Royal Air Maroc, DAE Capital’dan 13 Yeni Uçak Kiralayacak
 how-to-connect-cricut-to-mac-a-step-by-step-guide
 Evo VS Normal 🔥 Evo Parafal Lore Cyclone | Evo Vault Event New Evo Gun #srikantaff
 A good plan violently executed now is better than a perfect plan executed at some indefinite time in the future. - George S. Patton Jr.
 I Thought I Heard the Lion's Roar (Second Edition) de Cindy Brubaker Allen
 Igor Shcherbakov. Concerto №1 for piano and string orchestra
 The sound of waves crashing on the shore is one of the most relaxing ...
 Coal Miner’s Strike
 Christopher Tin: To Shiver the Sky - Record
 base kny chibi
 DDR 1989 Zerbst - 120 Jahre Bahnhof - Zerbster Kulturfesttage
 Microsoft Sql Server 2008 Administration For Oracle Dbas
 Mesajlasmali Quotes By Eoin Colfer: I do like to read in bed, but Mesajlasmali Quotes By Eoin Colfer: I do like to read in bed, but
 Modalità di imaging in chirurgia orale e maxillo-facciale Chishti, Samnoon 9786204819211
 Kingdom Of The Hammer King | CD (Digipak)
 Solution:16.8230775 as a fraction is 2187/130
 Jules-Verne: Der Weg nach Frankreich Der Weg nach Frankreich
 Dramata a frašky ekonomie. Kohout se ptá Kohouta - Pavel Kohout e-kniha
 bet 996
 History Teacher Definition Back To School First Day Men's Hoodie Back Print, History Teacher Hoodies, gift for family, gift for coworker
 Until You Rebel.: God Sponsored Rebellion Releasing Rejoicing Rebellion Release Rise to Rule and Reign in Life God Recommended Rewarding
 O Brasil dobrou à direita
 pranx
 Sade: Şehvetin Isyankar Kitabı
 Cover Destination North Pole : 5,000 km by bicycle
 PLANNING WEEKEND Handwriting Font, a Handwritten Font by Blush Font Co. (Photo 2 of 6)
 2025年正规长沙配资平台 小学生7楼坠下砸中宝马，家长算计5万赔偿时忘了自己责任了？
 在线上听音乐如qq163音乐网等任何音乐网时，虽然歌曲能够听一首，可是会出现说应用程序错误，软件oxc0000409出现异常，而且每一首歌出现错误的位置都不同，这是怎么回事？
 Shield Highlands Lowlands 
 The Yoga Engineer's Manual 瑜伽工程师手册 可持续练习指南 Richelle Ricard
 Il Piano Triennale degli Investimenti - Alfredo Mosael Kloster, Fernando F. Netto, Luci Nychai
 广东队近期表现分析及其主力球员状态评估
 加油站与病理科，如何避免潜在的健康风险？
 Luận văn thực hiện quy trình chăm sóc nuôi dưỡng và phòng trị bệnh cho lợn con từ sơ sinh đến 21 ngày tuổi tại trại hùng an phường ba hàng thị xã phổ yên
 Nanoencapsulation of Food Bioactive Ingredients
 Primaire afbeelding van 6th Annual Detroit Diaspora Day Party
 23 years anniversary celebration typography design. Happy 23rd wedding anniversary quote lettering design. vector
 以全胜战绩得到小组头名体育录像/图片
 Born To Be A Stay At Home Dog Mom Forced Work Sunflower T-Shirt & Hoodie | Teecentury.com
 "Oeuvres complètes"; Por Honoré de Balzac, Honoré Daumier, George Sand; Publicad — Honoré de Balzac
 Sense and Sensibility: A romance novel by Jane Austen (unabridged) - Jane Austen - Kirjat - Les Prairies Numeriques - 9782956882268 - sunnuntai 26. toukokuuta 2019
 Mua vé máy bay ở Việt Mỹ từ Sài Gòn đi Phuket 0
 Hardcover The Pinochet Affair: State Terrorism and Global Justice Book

----------

→ Directions
If a line in the listing above contains the word "George", include it in your count, then give only the final number.

→ Response to this task
2